• **What you will do**
Start to finish, write out the entries exactly, leaving the pictures aside.

+++ Data records

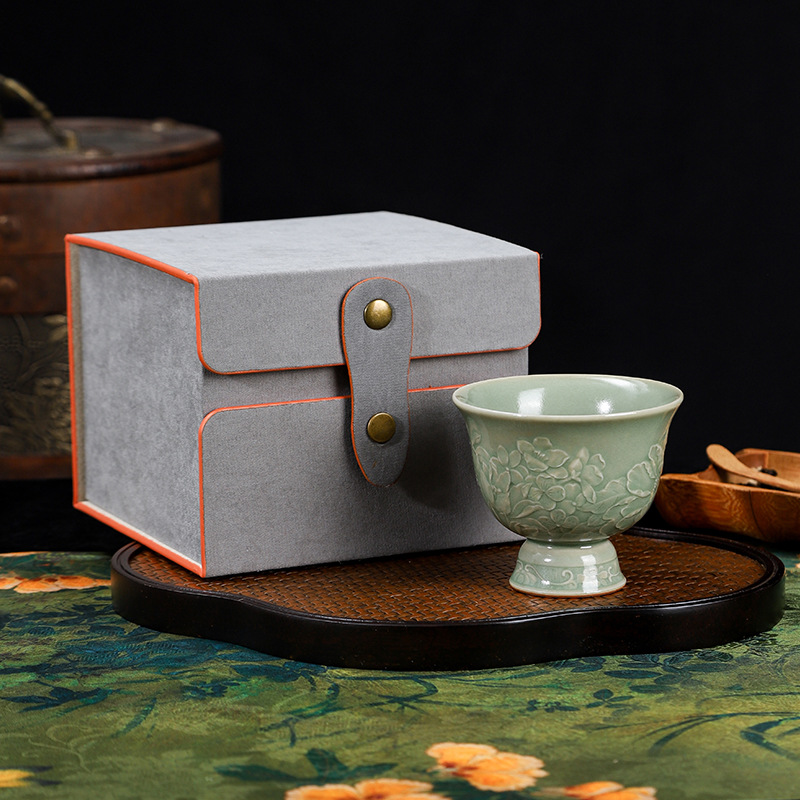 LH celadon teacup tall cup tea - Celadon Ceramic Cup 评论和价格
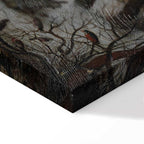 Winter Landscape Bird Trap Classic Canvas Print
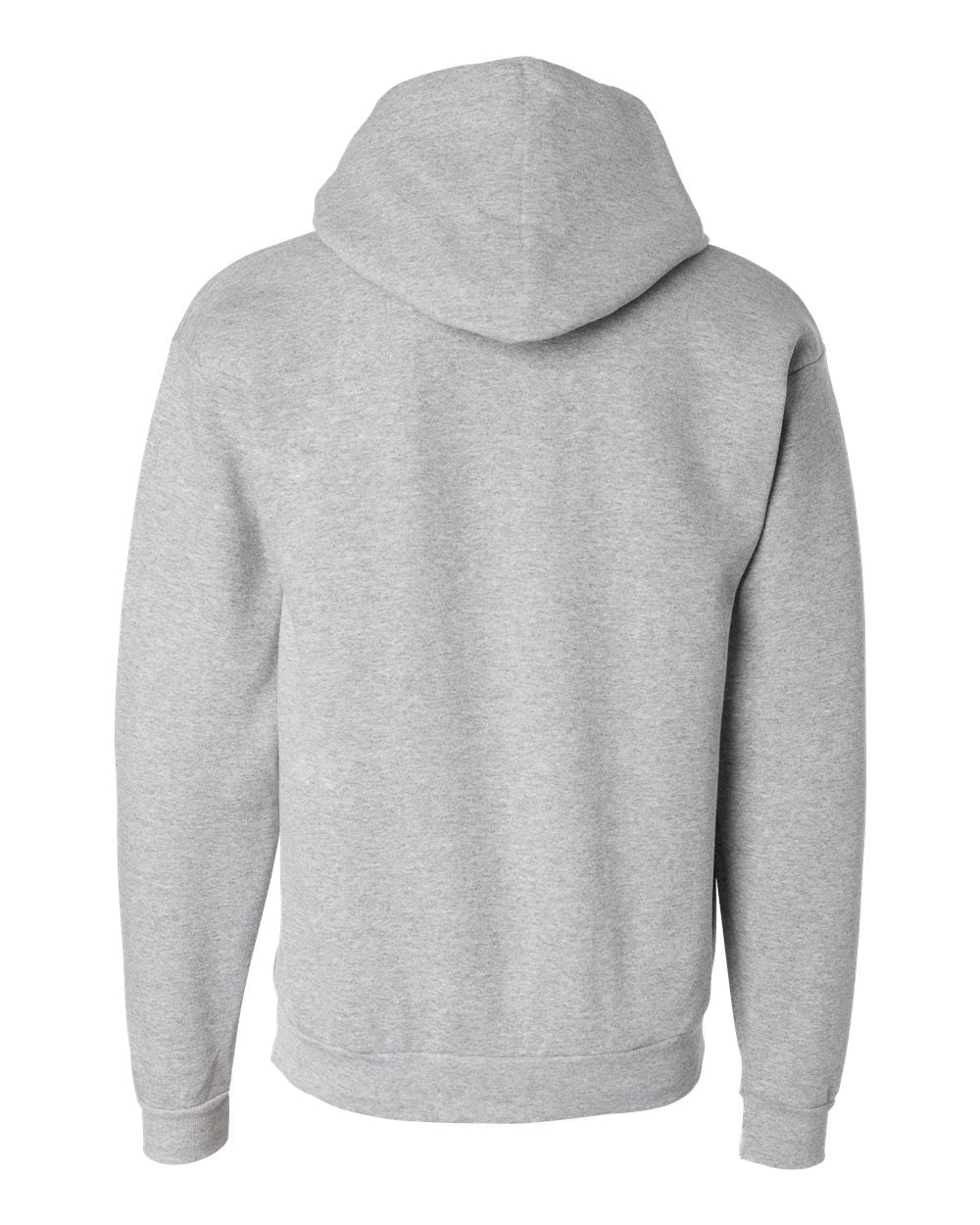 Unisex Ecosmart® Hooded Sweatshirt - Back - B22000583 - Light Steel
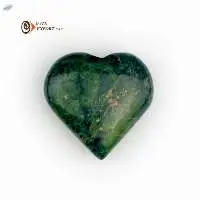 Nephrite Stone Heart Shape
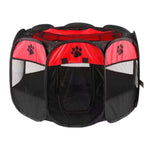 Portable Folding Pet Carrier Tent Octagon Fence - Pup Buddy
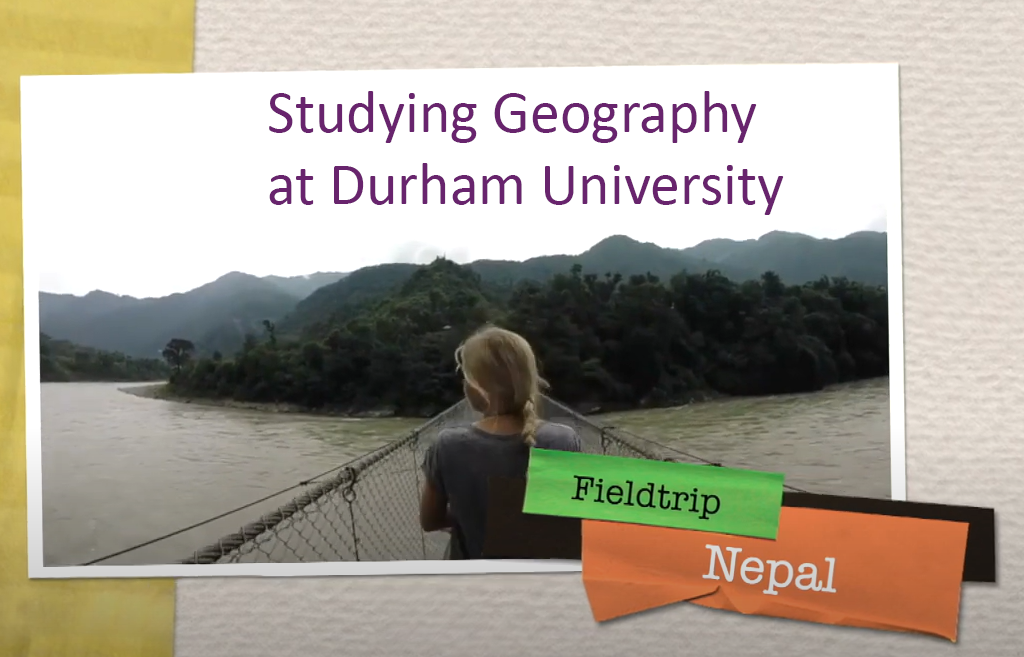 Text image - Studying Geography at Durham University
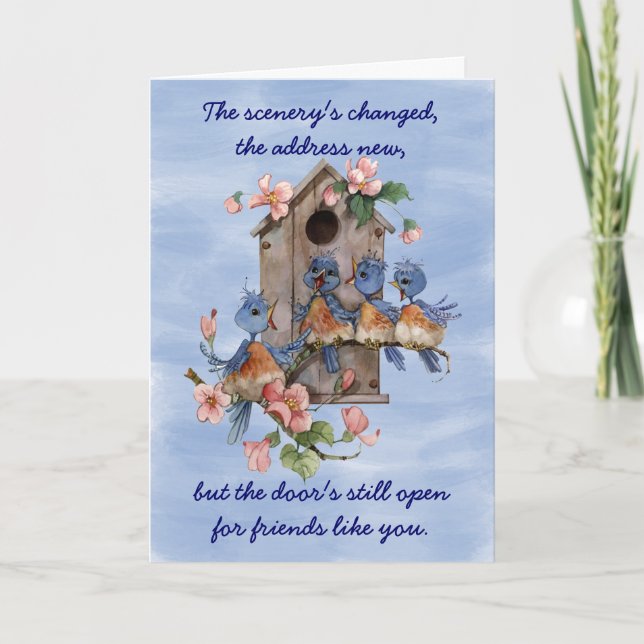 Neue Adresse Ankündigung (Vorderseite)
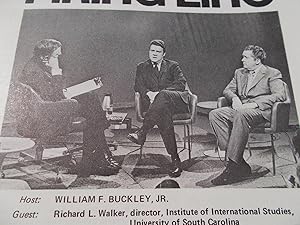 Seller image for Firing Line Program Transcript (No. 47 1972) William F. Buckley, Jr. (Host) Richard L. Walker and David P. Mozingo (Guests) "The Implications of the China Trip" (Subject) for sale by Bloomsbury Books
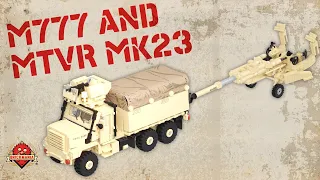 Massive Howitzer and Cargo Truck - Custom Military LEGO by Brickmania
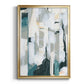 Sea Cavern Strata I - Modern Framed Canvas Print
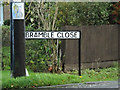 TM2972 : Bramble Close sign by Geographer
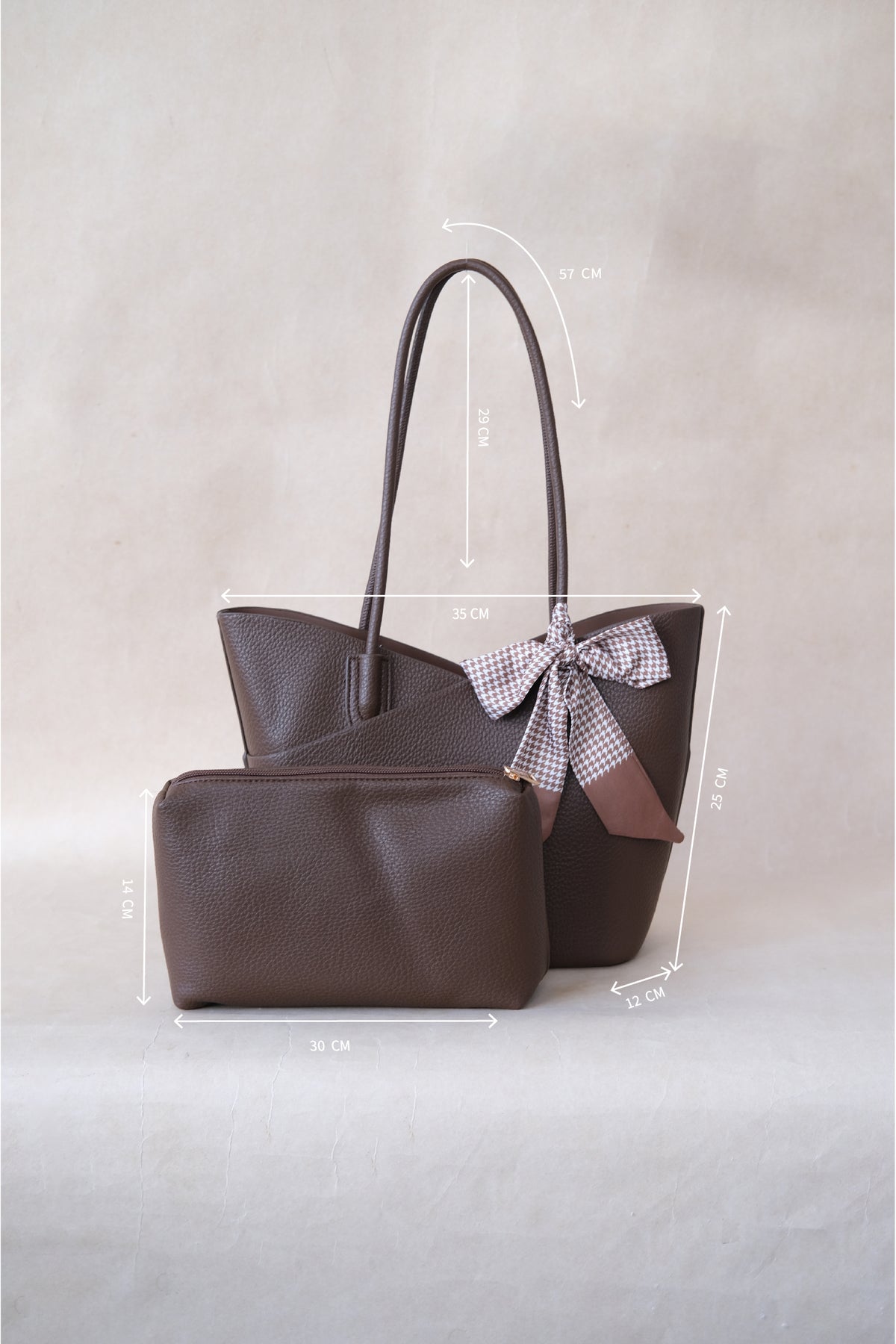 Flower Bud Aura Bag - Coffee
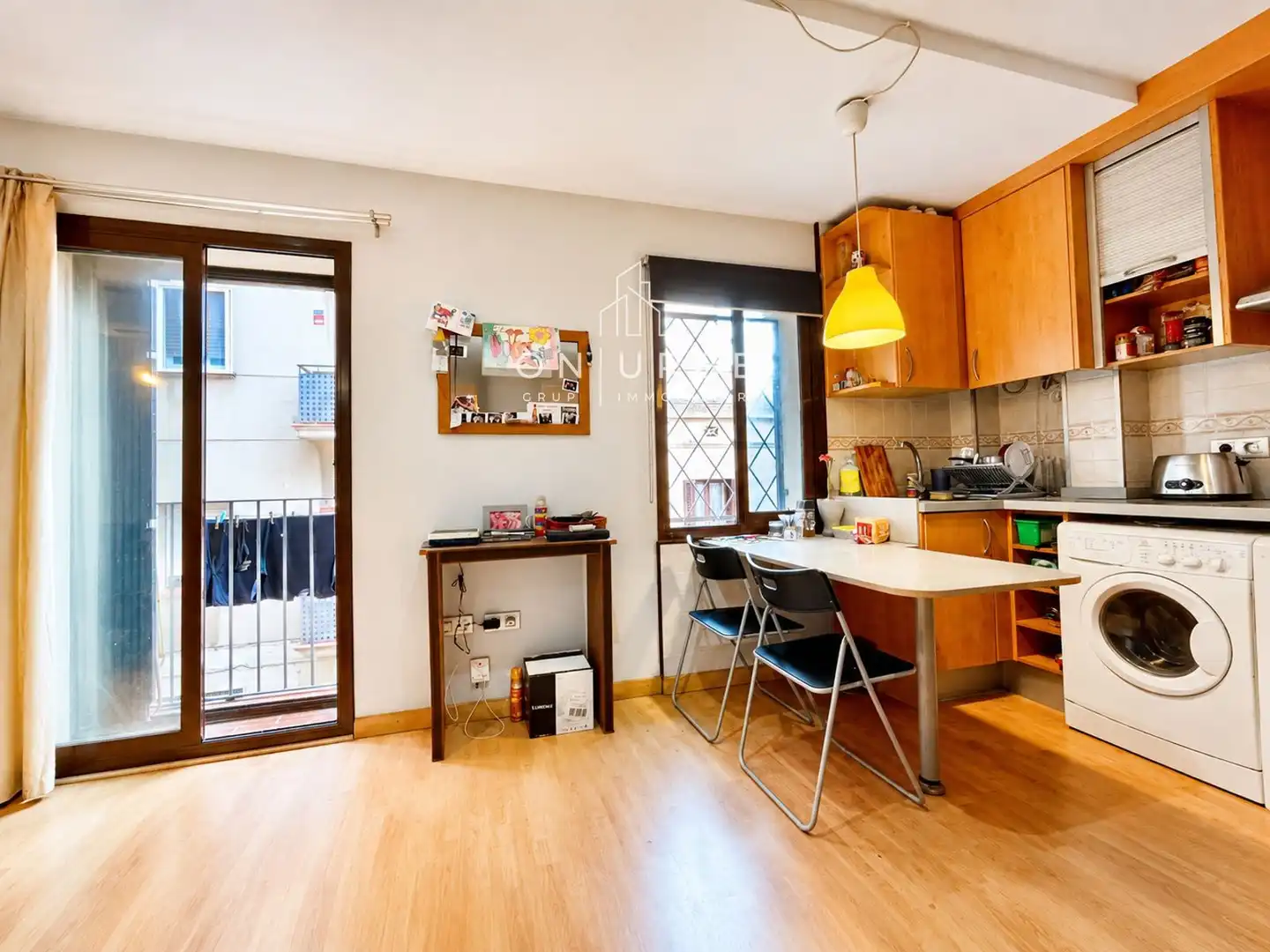 Cocina de Piso en venta en Barcelona con Aire acondicionado, Parquet y Terraza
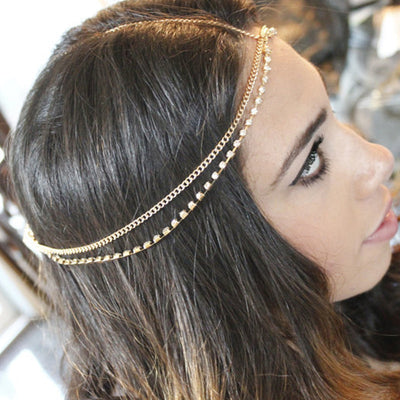 Diadema de Perlas Auspiciosas con Borlas y Cuentas Estilo Europeo y Americano - Image 24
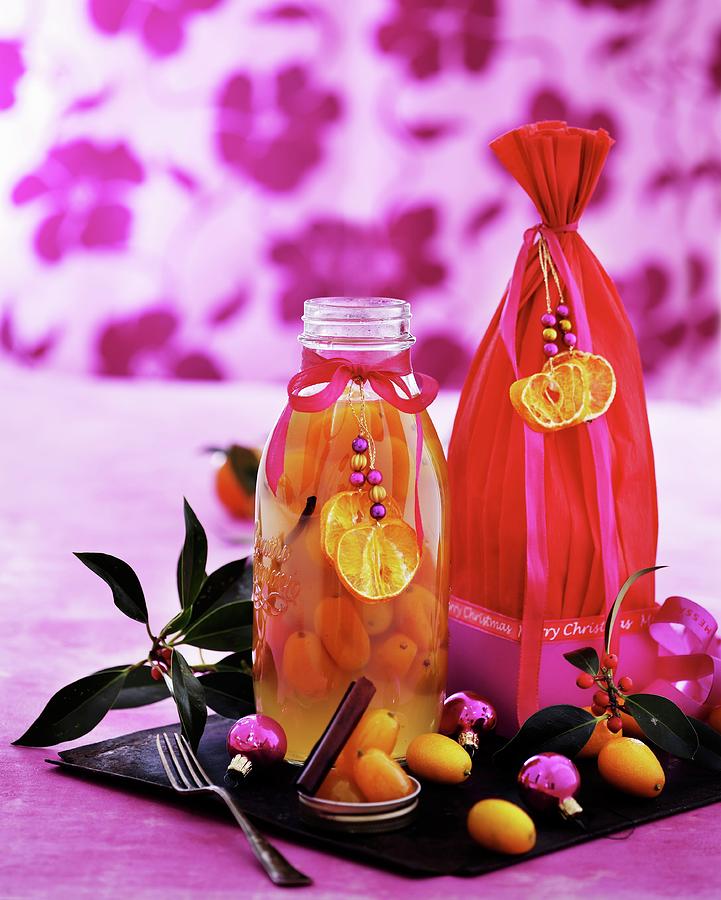 Preserved Citrus Fruits As Christmas Presents Photograph by Mikkel Adsbl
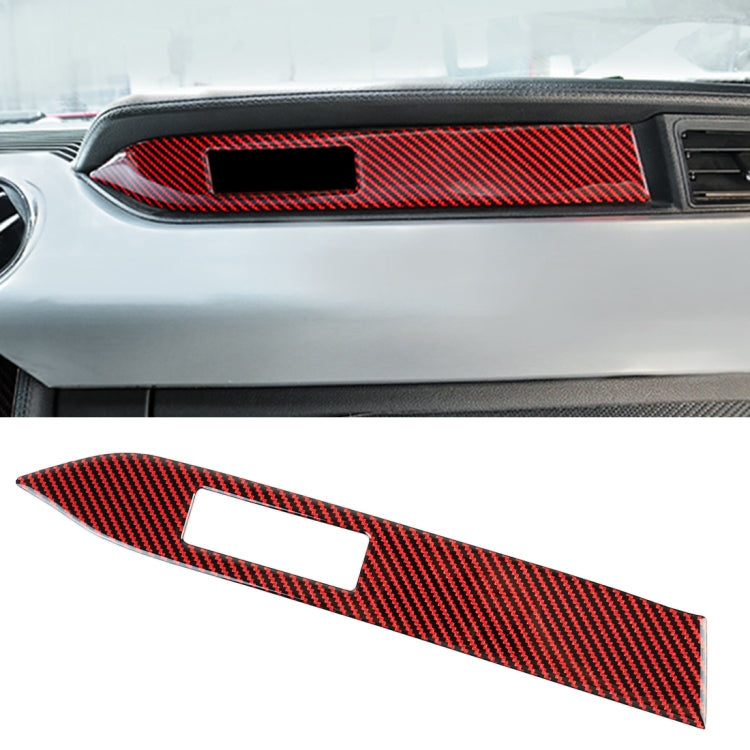 Car Carbon Fiber Vice Driving Seat Nameplate Decorative Sticker for Ford Mustang 2015-2020, Left-hand Drive - Car Interior Mouldings by PMC TechLife | Online Shopping South Africa | PMC TechLife | Buy Now Pay Later Mobicred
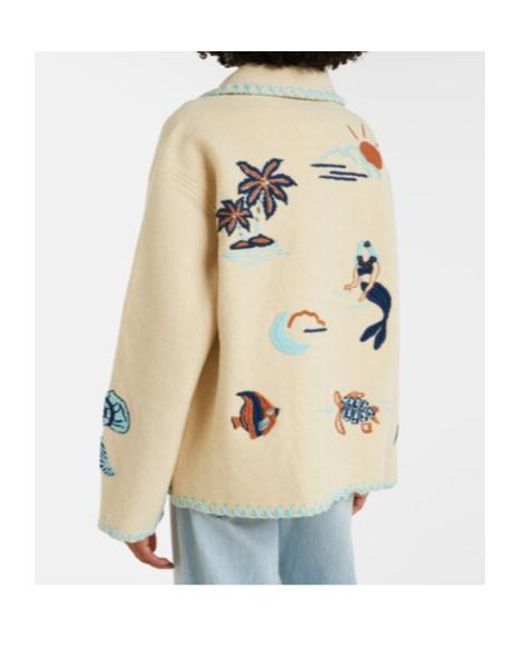 Alanui Natural Remember Me Virgin Wool Jacket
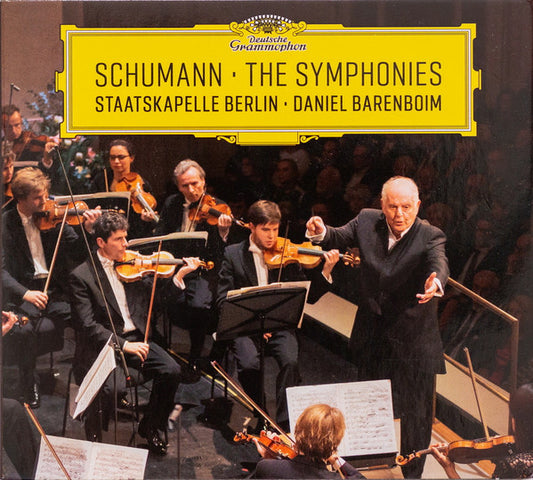 Robert Schumann, Staatskapelle Berlin ∙ Daniel Barenboim : The Symphonies (2xCD + Blu-ray, Blu-ray-A, Multichannel)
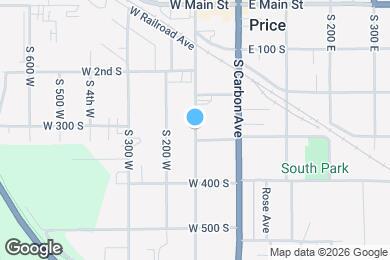 Map image of the property - 274 S 4th W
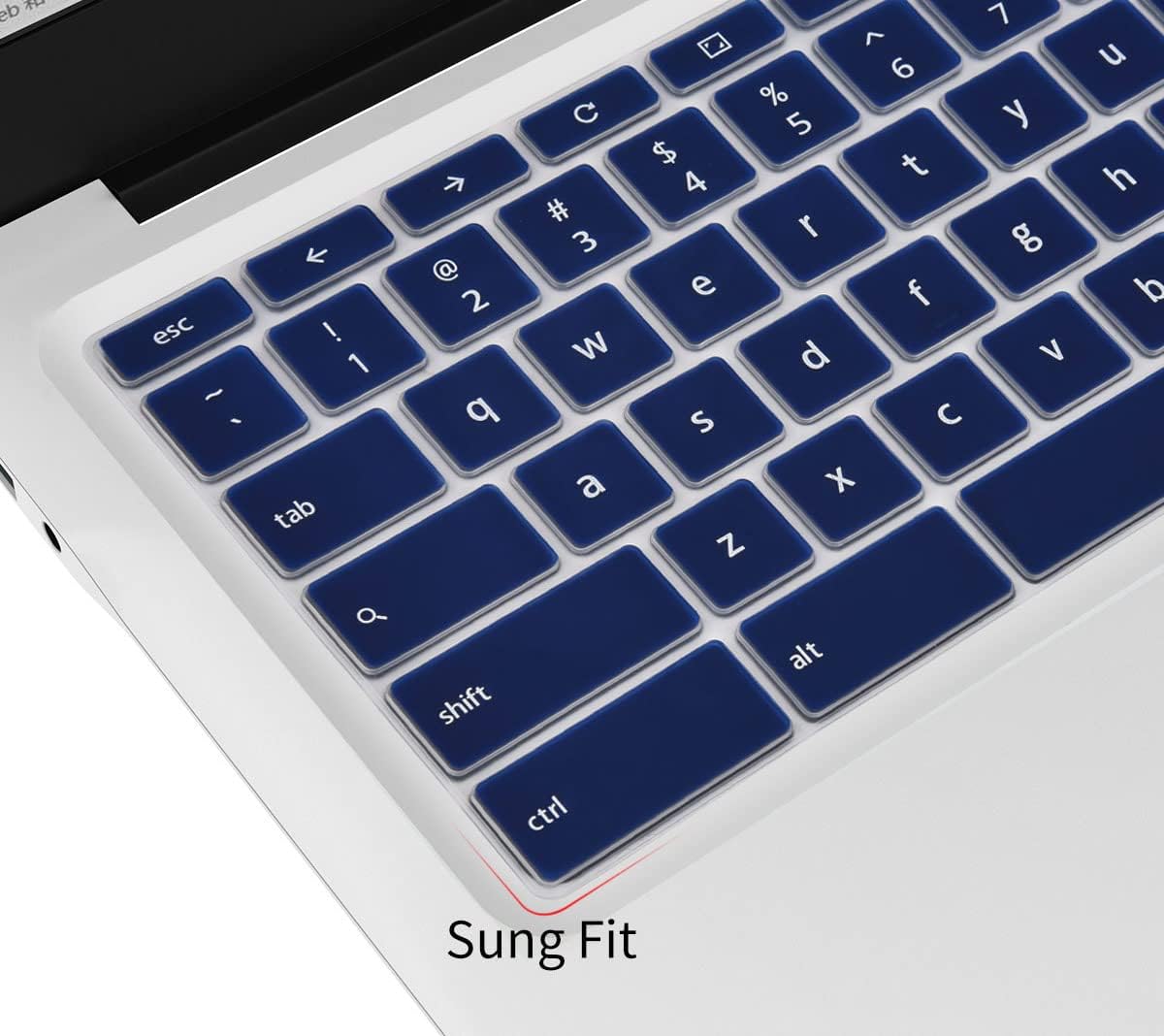 Keyboard Cover for ASUS Chromebook Flip C433 C434 2-in-1 14", ASUS Chromebook C423NA/C425TA/C433TA-AS384T/C434TA-DS384T DSM4T, ASUS Chromebook Flip C302 12.5", Chromebook C523 C523NA Skin, Navy Blue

++++++

• **Task response**
 LH celadon teacup tall cup tea - Celadon Ceramic Cup 评论和价格
 Winter Landscape Bird Trap Classic Canvas Print
 Unisex Ecosmart® Hooded Sweatshirt - Back - B22000583 - Light Steel
 Nephrite Stone Heart Shape
 Portable Folding Pet Carrier Tent Octagon Fence - Pup Buddy
 Text image - Studying Geography at Durham University
 Neue Adresse Ankündigung (Vorderseite)
 Seller image for Firing Line Program Transcript (No. 47 1972) William F. Buckley, Jr. (Host) Richard L. Walker and David P. Mozingo (Guests) "The Implications of the China Trip" (Subject) for sale by Bloomsbury Books
 Massive Howitzer and Cargo Truck - Custom Military LEGO by Brickmania
 Sea Cavern Strata I - Modern Framed Canvas Print
 TM2972 : Bramble Close sign by Geographer
 Flower Bud Aura Bag - Coffee
 Cocina de Piso en venta en Barcelona con Aire acondicionado, Parquet y Terraza
 Diadema de Perlas Auspiciosas con Borlas y Cuentas Estilo Europeo y Americano - Image 24
 Preserved Citrus Fruits As Christmas Presents Photograph by Mikkel Adsbl
 Car Carbon Fiber Vice Driving Seat Nameplate Decorative Sticker for Ford Mustang 2015-2020, Left-hand Drive - Car Interior Mouldings by PMC TechLife | Online Shopping South Africa | PMC TechLife | Buy Now Pay Later Mobicred
 Alanui Natural Remember Me Virgin Wool Jacket
 Robert Schumann, Staatskapelle Berlin ∙ Daniel Barenboim : The Symphonies (2xCD + Blu-ray, Blu-ray-A, Multichannel)
 Map image of the property - 274 S 4th W
 Keyboard Cover for ASUS Chromebook Flip C433 C434 2-in-1 14", ASUS Chromebook C423NA/C425TA/C433TA-AS384T/C434TA-DS384T DSM4T, ASUS Chromebook Flip C302 12.5", Chromebook C523 C523NA Skin, Navy Blue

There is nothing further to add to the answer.